A 3D printer that can use a patient's own cells to print skin grafts, including hair follicles and sweat glands, has won a scientific design competition.
While still in pilot mode, the PrintAlive Bioprinter is in the process of being commercialized by MaRS Innovations in collaboration with the Innovations and Partnerships Office (IPO) of the University of Toronto, whose labs have filed two patents on the device.
Four University of Toronto engineers created the printer, which is about the size of a standard microwave oven. Last week, the machine won the James Dyson Award for student design, setting the stage for the group to compete for a $60,000 international prize.
The PrintAlive Bioprinter has been able to create uniform, large-scale engineering of tissue, which could be used to treat burn patients and other injuries.
The engineers who designed the printer include associate professor Axel Guenther, associate professor Milica Radisic, and graduate students Lian Leng, Boyang Zhang, and Arianna McAllister.
"There's a lot of interest in soft materials, particularly biomaterials," Guenther said in a university news release. "But until now no one has demonstrated a simple and scalable one-step process to go from microns to centimeters."

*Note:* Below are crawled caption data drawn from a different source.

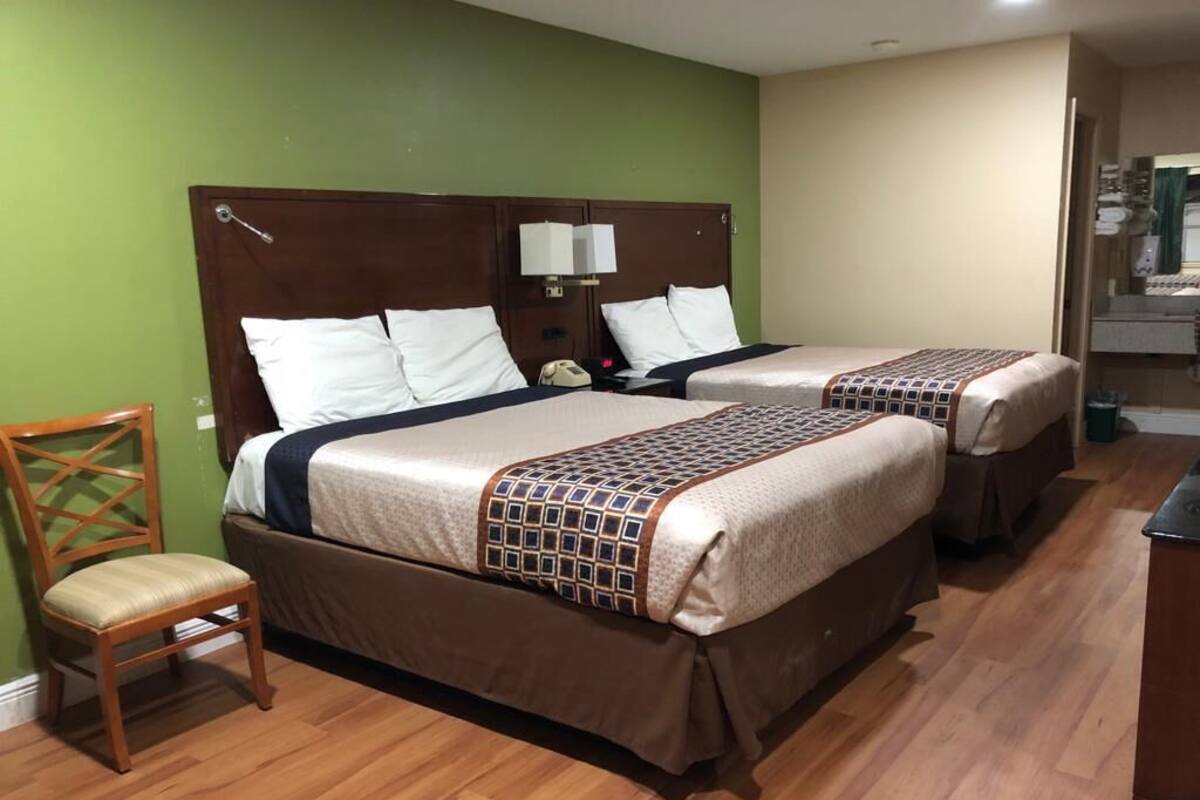 A hotel room with two beds, wooden headboards, a chair, and a small desk.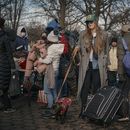 Una mujer pasea a su perro mientras migrantes recogen ropa distribuida por grupos de ayuda cerca del Centro de Asistencia al Migrante en la Escuela Primaria Santa Brígida, el sábado 20 de enero de 2024, en Nueva York. (AP Foto/Andres Kudacki)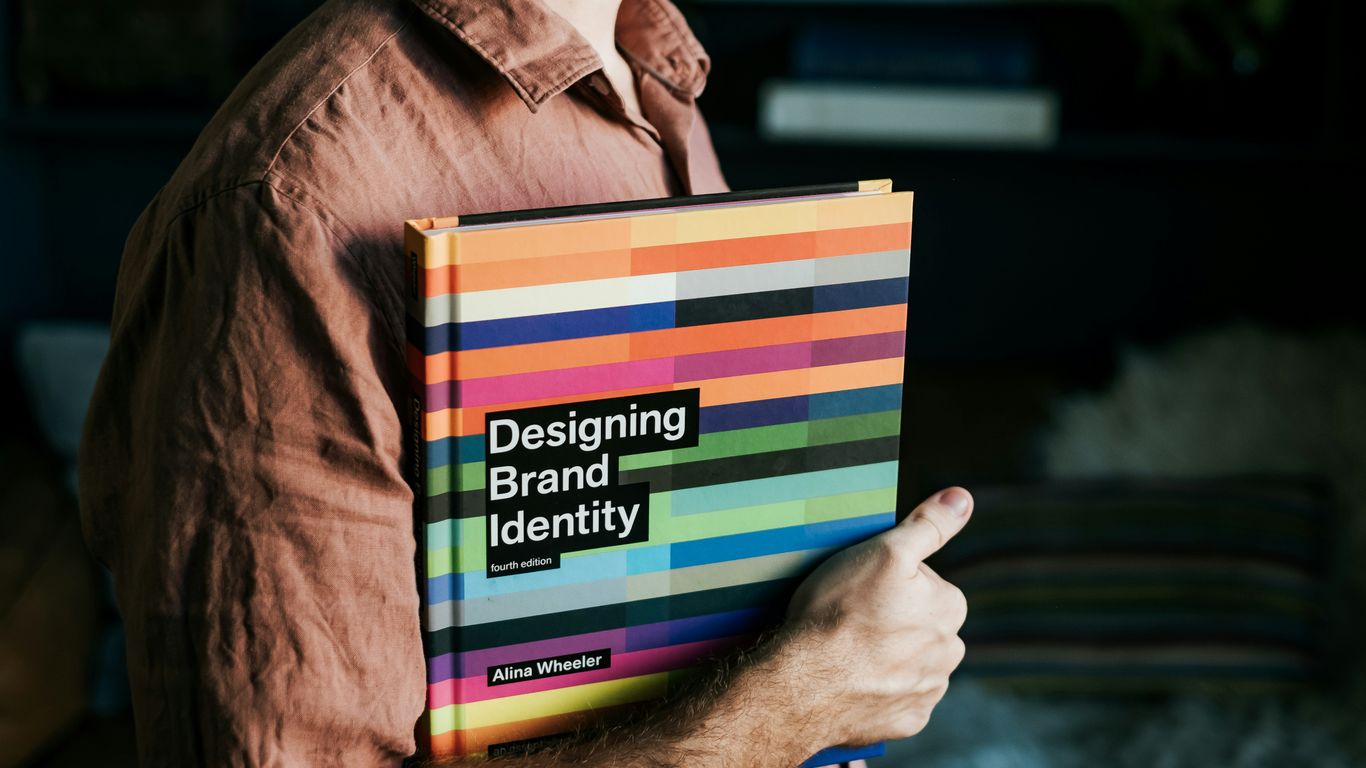 a man holding a book that says designing brand identity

Along with producing skin cells, the machine can also produce hair follicles, sweat glands and other human skin complexities, "providing an on-demand skin graft for burn victims," the university stated.
Because the machine uses the patient's own cells, which are grown in a petri dish and then printed to form a bandage, it "would completely eliminate immunologic rejection, and the need for painful auto-grafting and tissue donation," McAllister said in a statement.

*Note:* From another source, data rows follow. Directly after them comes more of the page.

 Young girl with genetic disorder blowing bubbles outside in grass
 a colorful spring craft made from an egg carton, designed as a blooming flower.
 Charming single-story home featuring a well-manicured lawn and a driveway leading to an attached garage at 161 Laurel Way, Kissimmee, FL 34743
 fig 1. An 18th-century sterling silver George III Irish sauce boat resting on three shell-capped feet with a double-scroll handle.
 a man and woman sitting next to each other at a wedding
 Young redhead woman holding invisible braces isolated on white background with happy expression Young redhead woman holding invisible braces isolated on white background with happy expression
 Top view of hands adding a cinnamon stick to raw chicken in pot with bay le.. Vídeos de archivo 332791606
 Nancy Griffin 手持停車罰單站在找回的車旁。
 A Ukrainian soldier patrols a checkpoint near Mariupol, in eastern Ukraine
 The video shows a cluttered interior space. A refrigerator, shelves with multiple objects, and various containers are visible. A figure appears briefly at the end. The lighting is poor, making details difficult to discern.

3D bioprinting an up and coming market
The University of Toronto is not alone in using 3D printing technology to create human tissue. Other university researchers and private companies are developing printing technology that could someday be used to replace organs and other body parts.

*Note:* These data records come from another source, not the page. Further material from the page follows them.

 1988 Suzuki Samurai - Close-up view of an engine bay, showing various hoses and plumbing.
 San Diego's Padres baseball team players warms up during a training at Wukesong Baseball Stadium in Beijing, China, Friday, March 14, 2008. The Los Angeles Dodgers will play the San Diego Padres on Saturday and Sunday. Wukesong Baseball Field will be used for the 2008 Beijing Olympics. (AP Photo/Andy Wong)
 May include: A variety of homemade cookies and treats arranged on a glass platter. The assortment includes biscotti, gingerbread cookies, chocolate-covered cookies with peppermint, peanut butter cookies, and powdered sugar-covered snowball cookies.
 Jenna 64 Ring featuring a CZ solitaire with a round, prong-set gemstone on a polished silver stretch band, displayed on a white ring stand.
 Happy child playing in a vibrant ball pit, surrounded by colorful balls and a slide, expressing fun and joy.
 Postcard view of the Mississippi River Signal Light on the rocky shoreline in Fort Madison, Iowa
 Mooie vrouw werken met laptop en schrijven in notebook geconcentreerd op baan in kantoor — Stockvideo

San Diego-based bio-printing company Organovo expects to unveil the world's first printed organ -- a human liver -- this year.
"We remain on track to launch our human liver tissue for use in drug discovery and medical research applications later in 2014," Michael Renard, Organovo's executive vice present of commercial operations, wrote in an email to Computerworld.
Like other forms of 3D printing, bio-printing lays down layer after layer of material -- in this case, live cells -- to form a solid physical entity (tissue). A major stumbling block in creating tissue continues to be manufacturing the vascular system needed to provide it with life-sustaining oxygen and nutrients.
The Wyss Institute for Biologically Inspired Engineering at Harvard University has created a 3D printer that can lay down four different types of cells at the same time. The breakthrough in that research has been the ability to create blood vessels that can feed living tissue.
"You can simultaneously print cells, vasculature as well as extra-cellular matrix. Each one of those are extremely important components within human tissue," said David Kolesky, a graduate student at the Wyss Institute.
"You can also print cells on top of and around it. As you can imagine, human tissue is inherently complex and composite and you have multiple cell types right next to each other - on top of and around vasculature. In fact every cell is within a few microns of a blood vessel in your body."
3D printing also allows enough tissue and supportive vasculature to be constructed quickly so that enough living cells can survive to create functional tissue.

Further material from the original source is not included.